» Problem statement
Print the listing below exactly, images excluded.

» Data excerpt

╭──

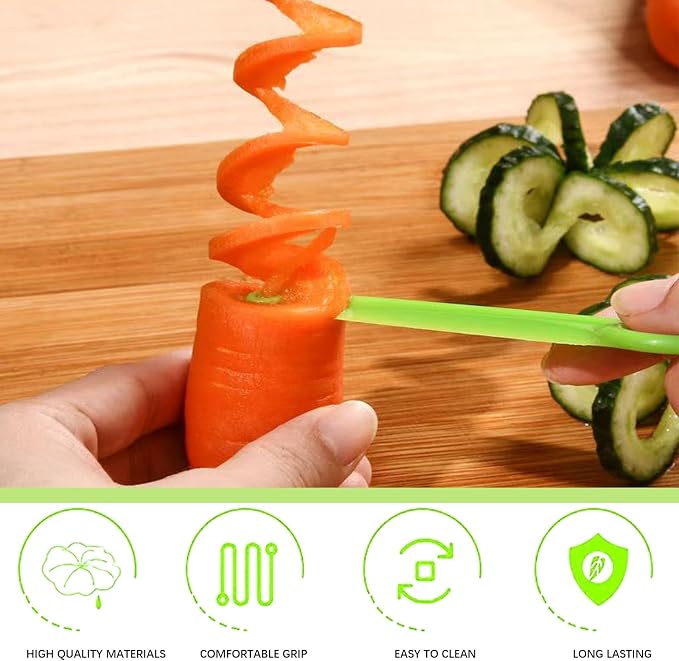 2pcs Potato Spiral Cutter Stainless Steel Plastic Spiral Cutter Knives Manual Screw Peelers for Cucumber Potato Carrot Fruit Kitchen Gadgets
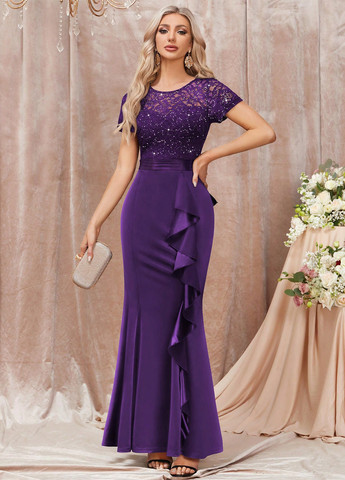 Фіолетова святковий, вечірня сукня годе SHEIN однотонна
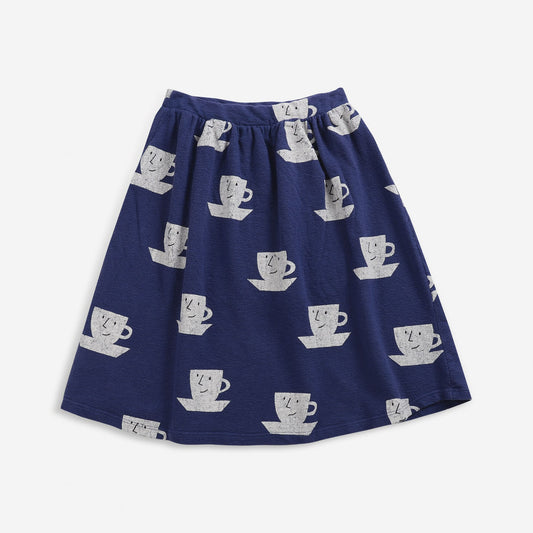 女童蓝色印花棉短裙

╰──

» Task output
 2pcs Potato Spiral Cutter Stainless Steel Plastic Spiral Cutter Knives Manual Screw Peelers for Cucumber Potato Carrot Fruit Kitchen Gadgets
 Фіолетова святковий, вечірня сукня годе SHEIN однотонна
 女童蓝色印花棉短裙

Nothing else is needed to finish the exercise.